There is a lot of buzz around the term “open data” at the moment, and rightly so! As more and more organisations open up their data, it builds a data-ecosystem of creative opportunities that are simply not possible when said data is locked away in private silos. There are more and more cases being highlighted that show the power of open data, even more fantastic when you realise that the stories you hear about will only ever be a fraction of what is really using open data - data, by its very nature, is a behind-the-scenes kind of deal, and you most likely make use of it every data without being aware of it.
If you’ve been reading about open data you’ve most likely heard of Sir Tim Berners-Lee’s deployment scheme for open data. In short, any data you release on the web under an open license is open data - anything! But it’s easy to see that whilst a PDF report released as open data might be useful for someone to read, it’s going to make someone’s job a LOT tougher if they want to build on the data contained within it in any useful way.
The differences between the subsequent levels follows exactly the same reasoning - an excel spreadsheet is a more structured way of presenting the data of the PDF report, which makes it more re-usable by the people who come to reuse it, but we’re still dealing with a propriatary format. The obvious next step is to convert that data to a non-propriatary format of structured data like CSV. Now you raw data on the web in a format that everyone can use - and we arrive at 3 star open data.
Hang on, doesn’t this show 5 levels of open data?

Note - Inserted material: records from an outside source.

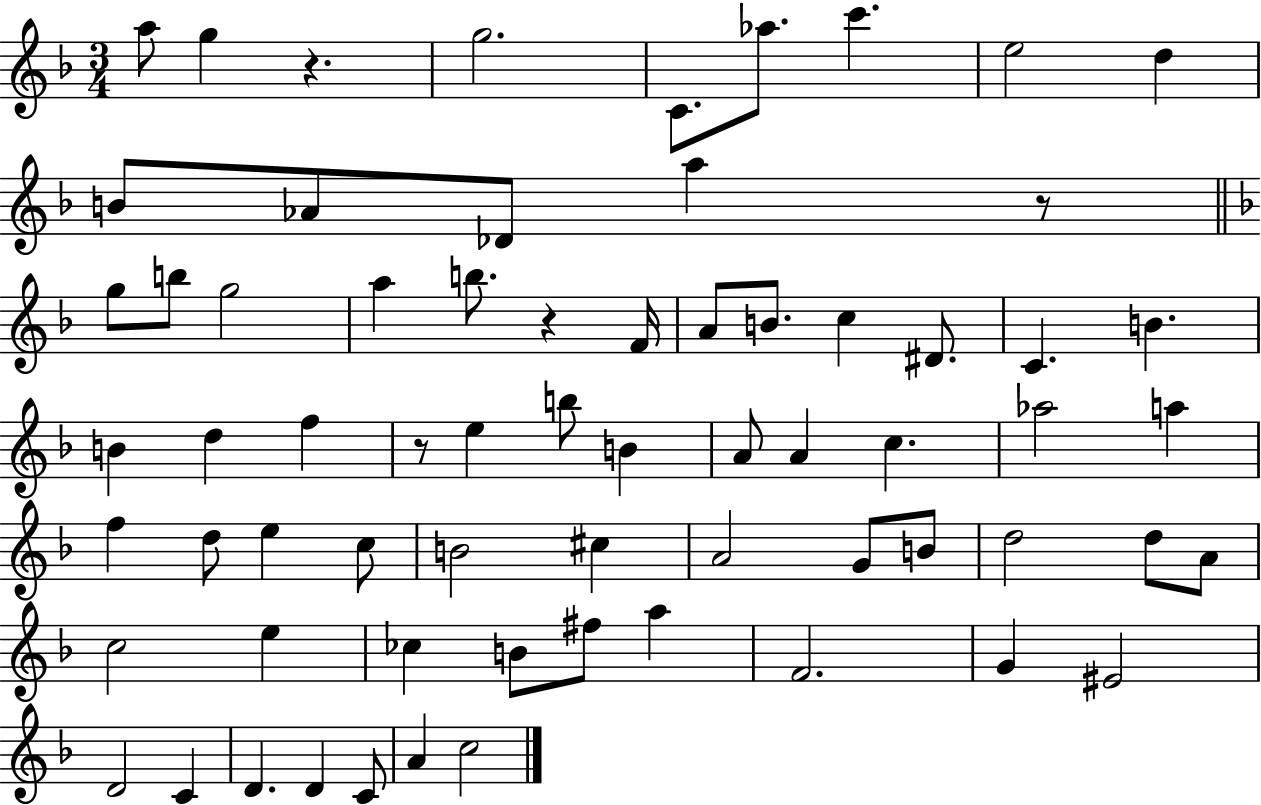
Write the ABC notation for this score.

X:1
T:Untitled
M:3/4
L:1/4
K:F
a/2 g z g2 C/2 _a/2 c' e2 d B/2 _A/2 _D/2 a z/2 g/2 b/2 g2 a b/2 z F/4 A/2 B/2 c ^D/2 C B B d f z/2 e b/2 B A/2 A c _a2 a f d/2 e c/2 B2 ^c A2 G/2 B/2 d2 d/2 A/2 c2 e _c B/2 ^f/2 a F2 G ^E2 D2 C D D C/2 A c2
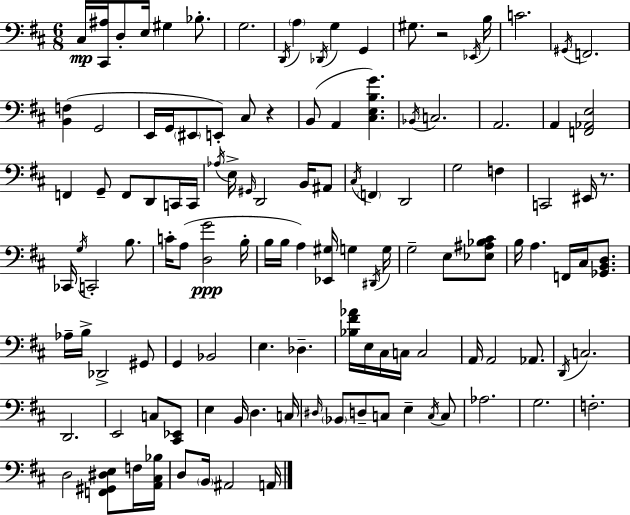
X:1
T:Untitled
M:6/8
L:1/4
K:D
^C,/4 [^C,,^A,]/4 D,/2 E,/4 ^G, _B,/2 G,2 D,,/4 A, _D,,/4 G, G,, ^G,/2 z2 _E,,/4 B,/4 C2 ^G,,/4 F,,2 [B,,F,] G,,2 E,,/4 G,,/4 ^E,,/2 E,,/2 ^C,/2 z B,,/2 A,, [^C,E,B,G] _B,,/4 C,2 A,,2 A,, [F,,_A,,E,]2 F,, G,,/2 F,,/2 D,,/2 C,,/4 C,,/4 _A,/4 E,/4 ^G,,/4 D,,2 B,,/4 ^A,,/2 ^C,/4 F,, D,,2 G,2 F, C,,2 ^E,,/4 z/2 _C,,/4 G,/4 C,,2 B,/2 C/4 A,/2 [D,G]2 B,/4 B,/4 B,/4 A, [_E,,^G,]/4 G, ^D,,/4 G,/4 G,2 E,/2 [_E,^A,_B,^C]/2 B,/4 A, F,,/4 ^C,/4 [_G,,B,,D,]/2 _A,/4 B,/4 _D,,2 ^G,,/2 G,, _B,,2 E, _D, [_B,^F_A]/4 E,/4 ^C,/4 C,/4 C,2 A,,/4 A,,2 _A,,/2 D,,/4 C,2 D,,2 E,,2 C,/2 [^C,,_E,,]/2 E, B,,/4 D, C,/4 ^D,/4 _B,,/2 D,/2 C,/2 E, C,/4 C,/2 _A,2 G,2 F,2 D,2 [F,,^G,,^D,E,]/2 F,/4 [A,,^C,_B,]/4 D,/2 B,,/4 ^A,,2 A,,/4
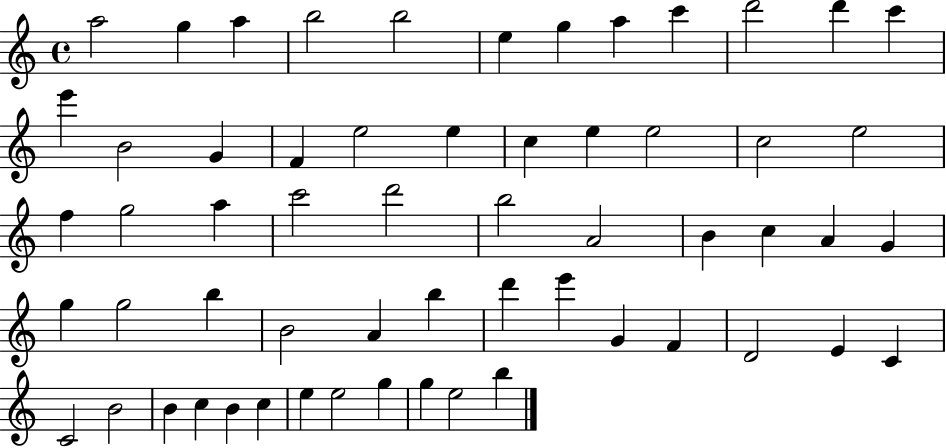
{
  \clef treble
  \time 4/4
  \defaultTimeSignature
  \key c \major
  a''2 g''4 a''4 | b''2 b''2 | e''4 g''4 a''4 c'''4 | d'''2 d'''4 c'''4 | \break e'''4 b'2 g'4 | f'4 e''2 e''4 | c''4 e''4 e''2 | c''2 e''2 | \break f''4 g''2 a''4 | c'''2 d'''2 | b''2 a'2 | b'4 c''4 a'4 g'4 | \break g''4 g''2 b''4 | b'2 a'4 b''4 | d'''4 e'''4 g'4 f'4 | d'2 e'4 c'4 | \break c'2 b'2 | b'4 c''4 b'4 c''4 | e''4 e''2 g''4 | g''4 e''2 b''4 | \break \bar "|."
}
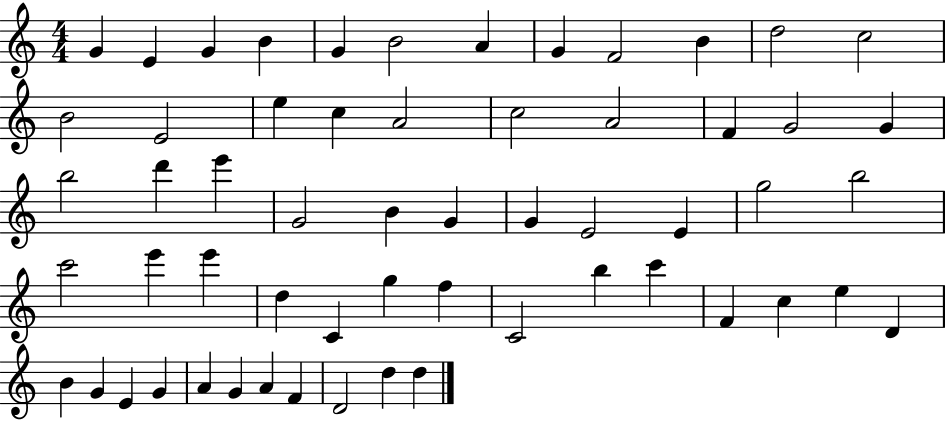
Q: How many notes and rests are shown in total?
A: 58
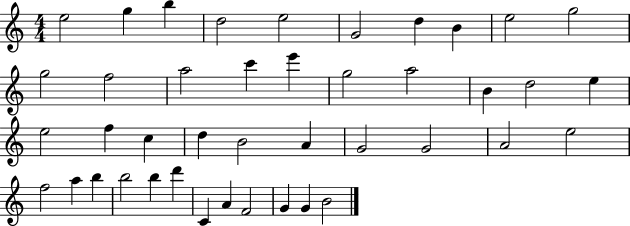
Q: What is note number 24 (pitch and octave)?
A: D5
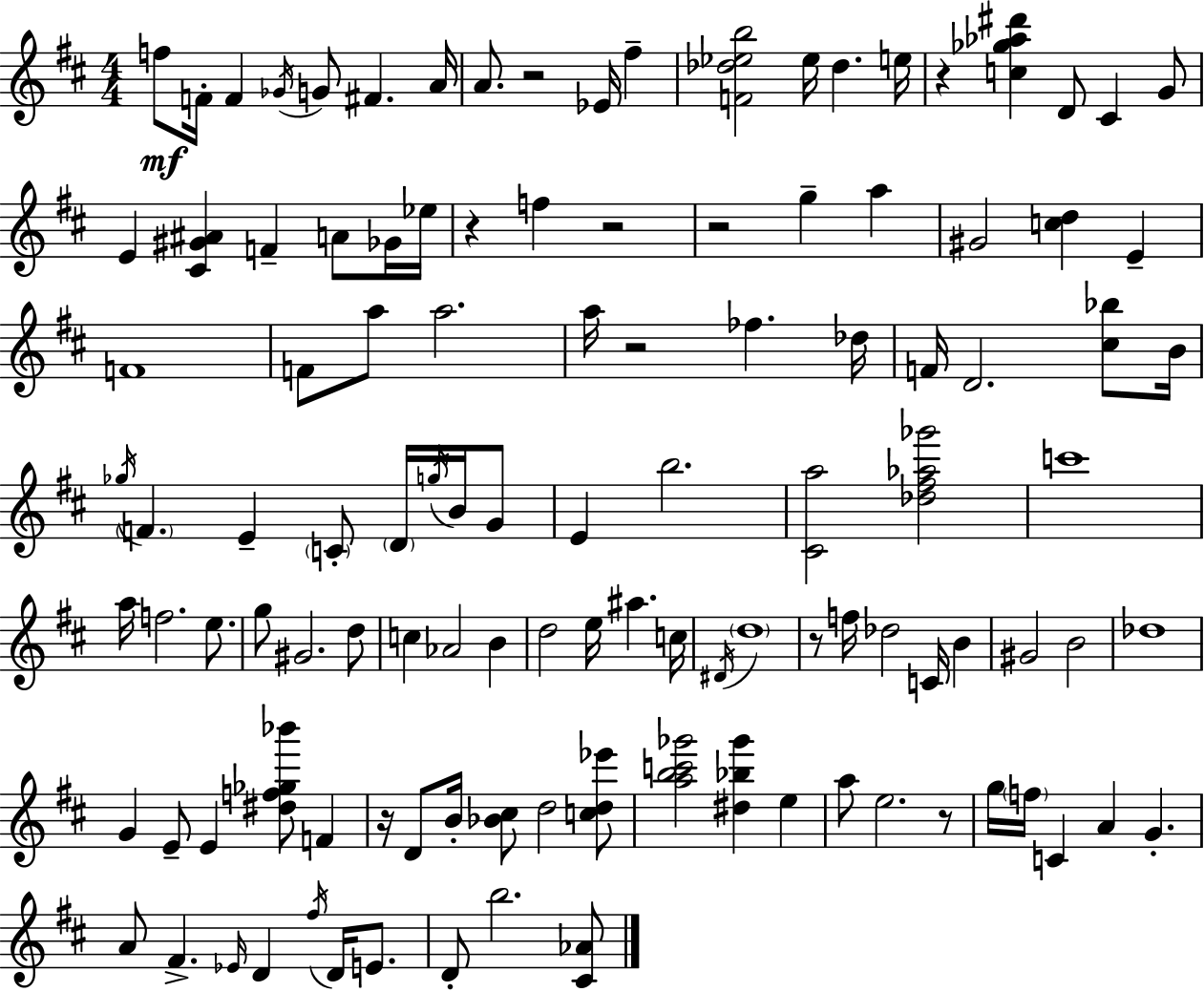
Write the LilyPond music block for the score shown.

{
  \clef treble
  \numericTimeSignature
  \time 4/4
  \key d \major
  f''8\mf f'16-. f'4 \acciaccatura { ges'16 } g'8 fis'4. | a'16 a'8. r2 ees'16 fis''4-- | <f' des'' ees'' b''>2 ees''16 des''4. | e''16 r4 <c'' ges'' aes'' dis'''>4 d'8 cis'4 g'8 | \break e'4 <cis' gis' ais'>4 f'4-- a'8 ges'16 | ees''16 r4 f''4 r2 | r2 g''4-- a''4 | gis'2 <c'' d''>4 e'4-- | \break f'1 | f'8 a''8 a''2. | a''16 r2 fes''4. | des''16 f'16 d'2. <cis'' bes''>8 | \break b'16 \acciaccatura { ges''16 } \parenthesize f'4. e'4-- \parenthesize c'8-. \parenthesize d'16 \acciaccatura { g''16 } | b'16 g'8 e'4 b''2. | <cis' a''>2 <des'' fis'' aes'' ges'''>2 | c'''1 | \break a''16 f''2. | e''8. g''8 gis'2. | d''8 c''4 aes'2 b'4 | d''2 e''16 ais''4. | \break c''16 \acciaccatura { dis'16 } \parenthesize d''1 | r8 f''16 des''2 c'16 | b'4 gis'2 b'2 | des''1 | \break g'4 e'8-- e'4 <dis'' f'' ges'' bes'''>8 | f'4 r16 d'8 b'16-. <bes' cis''>8 d''2 | <c'' d'' ees'''>8 <a'' b'' c''' ges'''>2 <dis'' bes'' ges'''>4 | e''4 a''8 e''2. | \break r8 g''16 \parenthesize f''16 c'4 a'4 g'4.-. | a'8 fis'4.-> \grace { ees'16 } d'4 | \acciaccatura { fis''16 } d'16 e'8. d'8-. b''2. | <cis' aes'>8 \bar "|."
}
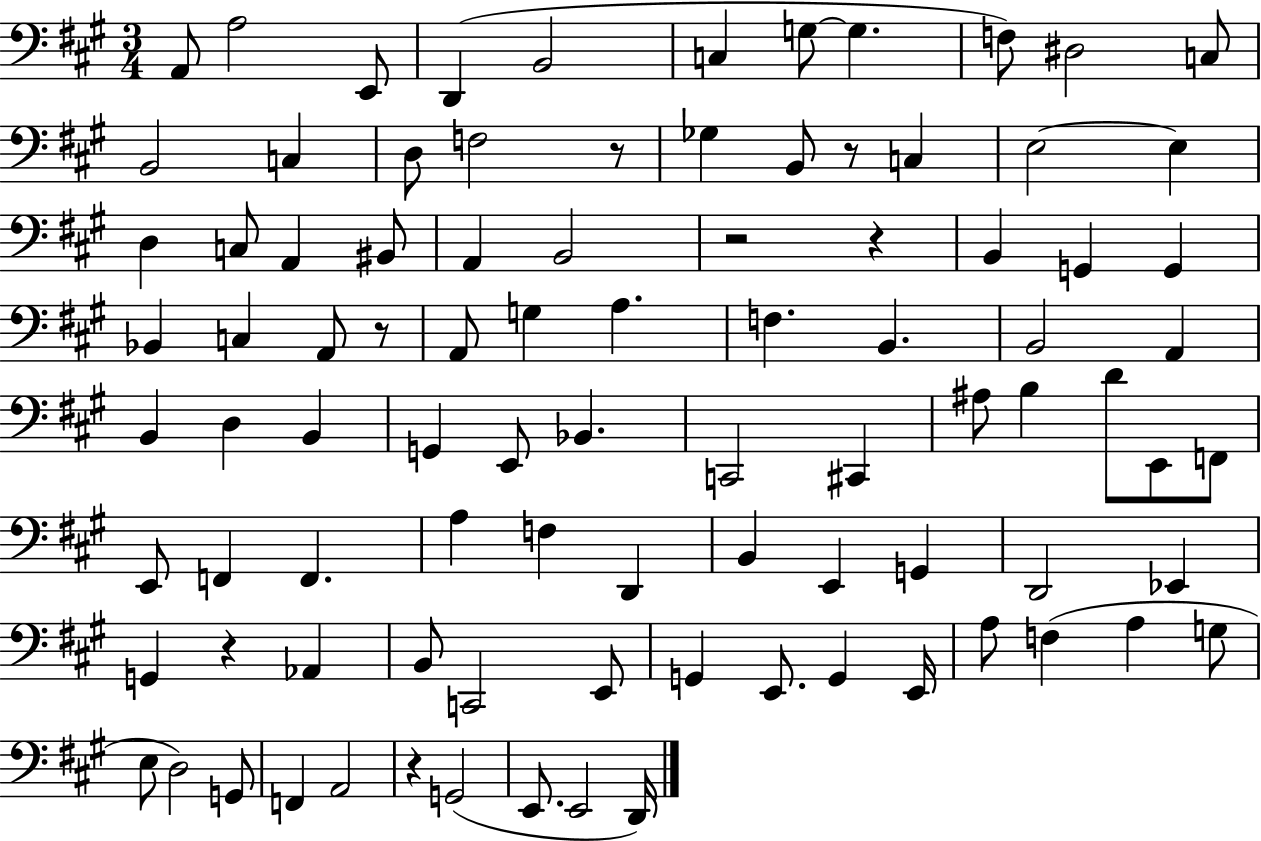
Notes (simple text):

A2/e A3/h E2/e D2/q B2/h C3/q G3/e G3/q. F3/e D#3/h C3/e B2/h C3/q D3/e F3/h R/e Gb3/q B2/e R/e C3/q E3/h E3/q D3/q C3/e A2/q BIS2/e A2/q B2/h R/h R/q B2/q G2/q G2/q Bb2/q C3/q A2/e R/e A2/e G3/q A3/q. F3/q. B2/q. B2/h A2/q B2/q D3/q B2/q G2/q E2/e Bb2/q. C2/h C#2/q A#3/e B3/q D4/e E2/e F2/e E2/e F2/q F2/q. A3/q F3/q D2/q B2/q E2/q G2/q D2/h Eb2/q G2/q R/q Ab2/q B2/e C2/h E2/e G2/q E2/e. G2/q E2/s A3/e F3/q A3/q G3/e E3/e D3/h G2/e F2/q A2/h R/q G2/h E2/e. E2/h D2/s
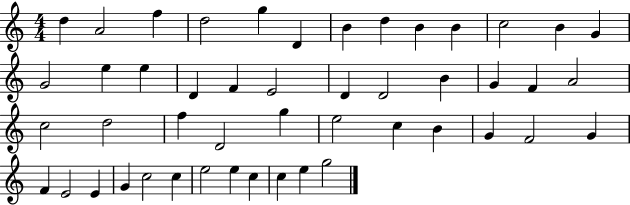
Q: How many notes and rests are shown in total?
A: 48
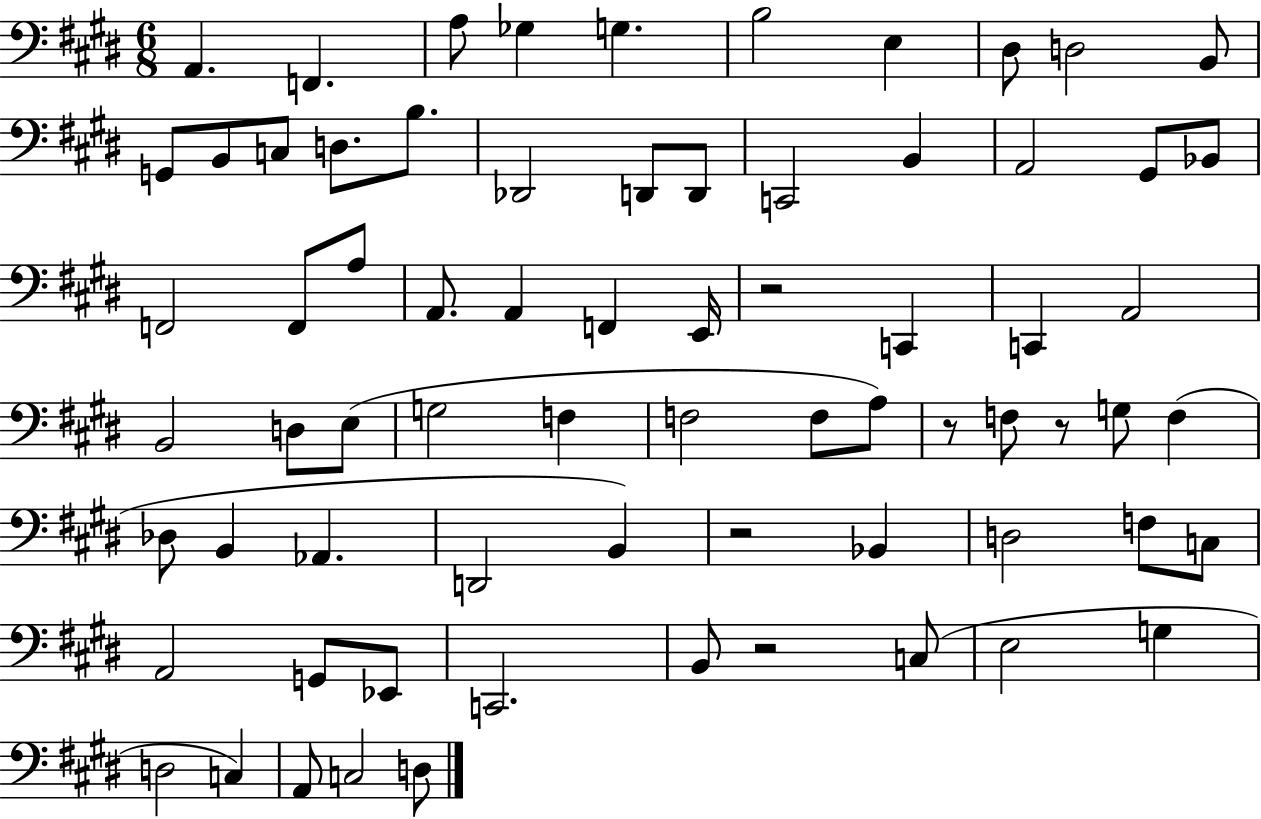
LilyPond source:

{
  \clef bass
  \numericTimeSignature
  \time 6/8
  \key e \major
  \repeat volta 2 { a,4. f,4. | a8 ges4 g4. | b2 e4 | dis8 d2 b,8 | \break g,8 b,8 c8 d8. b8. | des,2 d,8 d,8 | c,2 b,4 | a,2 gis,8 bes,8 | \break f,2 f,8 a8 | a,8. a,4 f,4 e,16 | r2 c,4 | c,4 a,2 | \break b,2 d8 e8( | g2 f4 | f2 f8 a8) | r8 f8 r8 g8 f4( | \break des8 b,4 aes,4. | d,2 b,4) | r2 bes,4 | d2 f8 c8 | \break a,2 g,8 ees,8 | c,2. | b,8 r2 c8( | e2 g4 | \break d2 c4) | a,8 c2 d8 | } \bar "|."
}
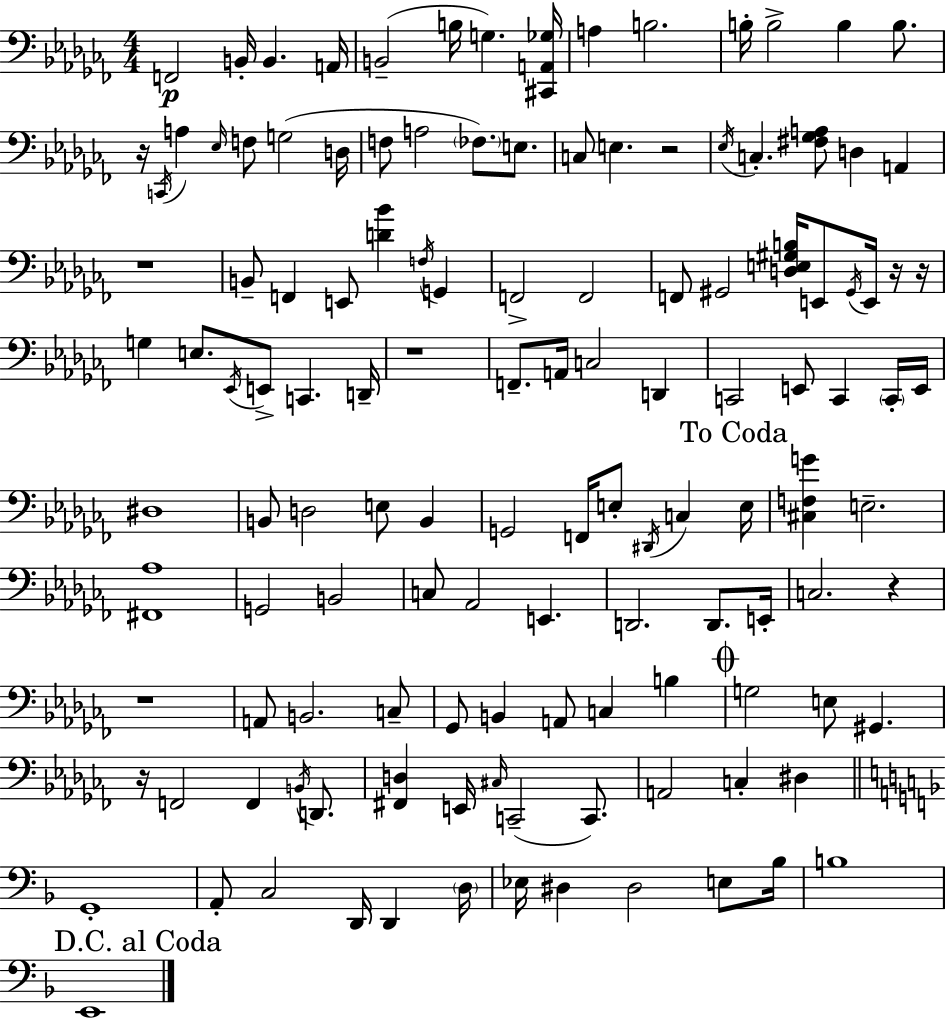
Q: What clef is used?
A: bass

Why yes! Yes it does! In the same way that CSV is by far an easier format to work with data than PDF, linked open data is another two steps “easier” to work with by formatting it as semantic data rather. What do I mean by semantic data? Well, instead of having tables and rows of values (that require a human to “know” what the table represents), we instead structure that data in a way that demonstrates that each of those records is a “Thing”; that Thing has a bunch of properties (such as length, name, colour, author - anything) and we follow the convention of each Thing having an identifier that is a URI. When you structure your data in this way it is luscious 4 star data, and if you choose to publish it under an open license and link those Things to other Things - wooo! 5 star open data!
You lost me at “semantic”
Ah yes, well, you’re not alone! Many people find it a difficult concept to grasp, I suspect this is one of the major reasons why so many organisations that publish open data find themselves stuck at the 3-star level. Whilst it can feel like a big difference, the actual work taken to Level Up from 3-star to 4-star (and thereby making it possible to reach 5-star) is actually very small. By far the largest chunk of work in any data publishing process is to clean the initial data and structure it well so that it can be published - this must be done even with CSV files (no one thanks you for “data fly tipping”). The bulk of the work is already done - a very small step is all that’s needed to take that CSV and make it delicious, addressable, RDF goodness.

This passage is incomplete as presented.